The parents' guide to what's in this TV show.
What parents need to know
Parents need to know that some of the dinosaurs in this sci-fi series are hungry, mean, and very scary. Watching a massive beast chasing people -- especially young people -- could be frightening for kids. The show makes some efforts to be accurate, showing creatures that actually existed millions of years ago and sometimes having the characters deliver thumbnail lectures about the dinos' habits and characteristics. But the science definitely takes a back seat to the action, and the show isn't really an educational experience.
- Parents say
- Kids say
What's the story?
When dinosaurs suddenly begin appearing in a British forest, evolutionary zoologist Nick Cutter (Douglas Henshall) comes up with two theories: first, that there's some kind of space-time rift permitting the beasts to travel from the past, and second, that his wife, Helen -- who's been missing and presumed dead for eight years -- is still alive and might have something to do with the situation. He decides the only way to find out is to travel through the twinkly \"anomaly\" to look for her. As more creatures appear, terrorizing local residents, Cutter and a team of scientists -- including his capable assistant Stephen (James Murray) and reptile expert Abby (Hannah Spearritt) -- must track down the beasts and either help guide them back to their own era or step aside and let the military destroy them.
Is it any good?
PRIMEVAL strives for accuracy, showing actual creatures that existed in prehistoric eras and letting the scientists show off their detailed understanding of the beasts' behavior to predict how they might behave in modern England.
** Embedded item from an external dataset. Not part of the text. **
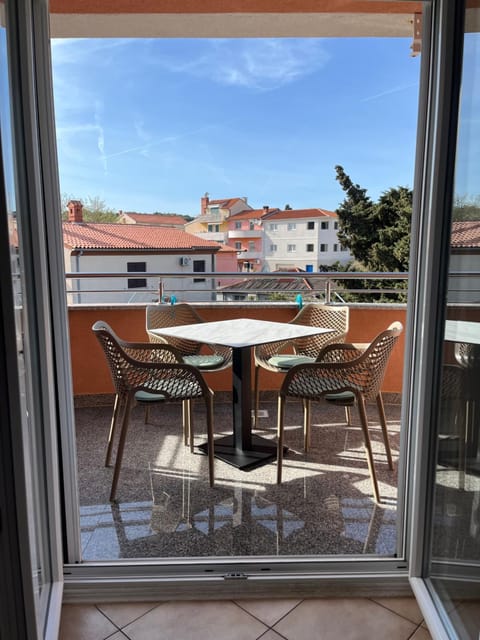 Balcony/Terrace, Balcony/Terrace
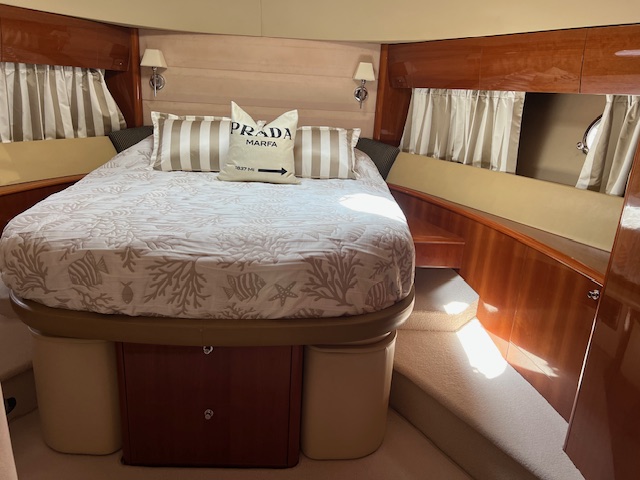 foto: 28 Princess 67 Fly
But the science is overshadowed by the action, and on that front the show is fairly standard. Monsters appear suddenly, seem to briefly pose a danger, and are then handled efficiently by a crack team of experts. The ongoing mystery of Helen Cutter's disappearance is more satisfying to ponder, but in the end may not pose enough intrigue to offset the rather plodding dino-action set pieces.
Talk to your kids about ...
Families can talk about the enduring popularity of dinosaurs. Do you think the dinosaurs in this show act realistically? What do you think of the way the government handles the situation here? How do you think the authorities should act if such monsters are running loose? How would you react if you encountered an actual dinosaur? Why are these creatures used in so many TV shows and movies? Dinosaurs are often popular with kids; do you think a show like this is trying to reach a young audience? Why or why not?